Budget Deal Debt Ceiling
We ran the numbers: There are 736 news articles covering this topic. 59% (459) are left leaning, 28% (265) center, 13% (12) right leaning.
President Trump’s support of the proposed $1.37 trillion budget deal for the next two years has Democrats and Republicans concerned and the fiscal hawks in Congress frustrated.
President Trump expressed optimism about the budget discussions with congressional leaders, Nancy Pelosi, and GOP leaders on Capitol Hill, saying “We’re doing very well on debt limit...and I think we’re doing very well on the budget.” Additionally, President Trump emphasized his desire for “robust” military spending to be reflected in the budget.
Both Democrats and Republicans expressed distress over the record high budget ceiling of $1.37 trillion. Of the increased $320 billion in spending, budget director, Russel Vought, and other officials sought to offset the costs by cutting $150 billion, but only ended up receiving approximately half– $77 billion. Furthermore, because many of these cuts are projected to occur in future years, many have become skeptical of the actual impact on spending, due to the fact the the project numbers are subject to change. For Democrats, another major concern arises from the administration's ability to finance the construction of the US-Mexico wall by transferring money between budget accounts. Republicans, on the other hand, have put pressure on GOP leaders to decrease spending because of concern over the ability to offset increased spending with budget cuts. Some believe that this would affect President Trump’s chance at reelection because of the lack of “progress on America’s staggering national debt, which exceeds $22 trillion”.
Despite the concerns from Democrats and Republicans alike, it is projected that the Senate could receive bipartisan support when the Senate returns in August.
Sources on both the left and right focused on the specific details of the proposed budget–namely the $1.37 trillion debt ceiling and the $77 billion in budget caps. Additionally, both sides addressed how the proposed budget spending would further increase the US national debt of over $22 trillion.

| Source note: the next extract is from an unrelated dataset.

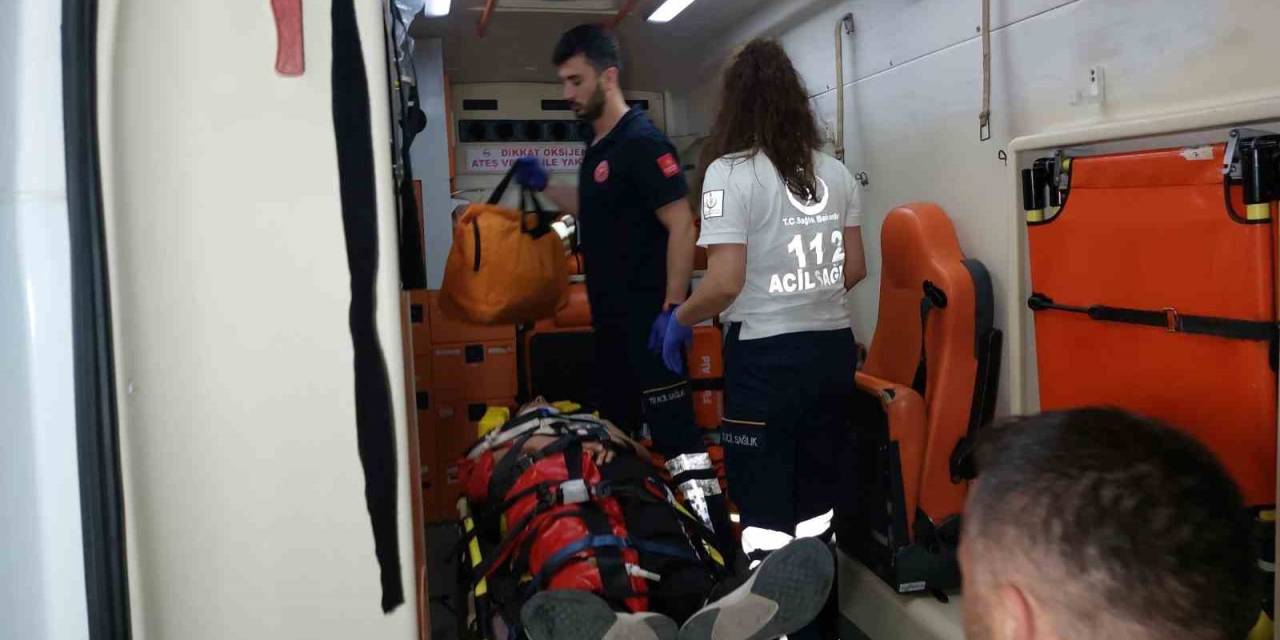 Samsun’da Motosiklet İle Hafif Ticari Araç Çarpıştı: 2 Yaralı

Coverage from the center had a tendency to focus mostly on these topics without going into much detail about the plans or opinions of their respective congressional leaders. An article from The Washington Post took a narrative sort of stance by focusing on the details of President Trump’s responses and updates regarding budget talks.

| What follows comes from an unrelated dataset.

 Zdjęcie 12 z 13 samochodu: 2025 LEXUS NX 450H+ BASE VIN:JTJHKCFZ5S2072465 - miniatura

Coverage on the left also included details regarding President Trump’s discussion of the budget, but also incorporated Speaker of the House, Nancy Pelosi’s input on the matter. More specifically, the article cites Pelosi’s role in “keeping future spending bills largely free of contentious policy provisions opposed by Republicans” such as the White House’s ability to transfer money between budget accounts mentioned earlier.
Similarly, much of the right included the input of their own members in regards to the budget ceiling and cuts. Namely, Rep. Mike Johnson, head of the Republic and Study Committee who, like many Republicans, expressed concern over supporting the deal that would “increase [spending] without much effort to pay for it or curb spending in the future”, according to an article from The Washington Examiner.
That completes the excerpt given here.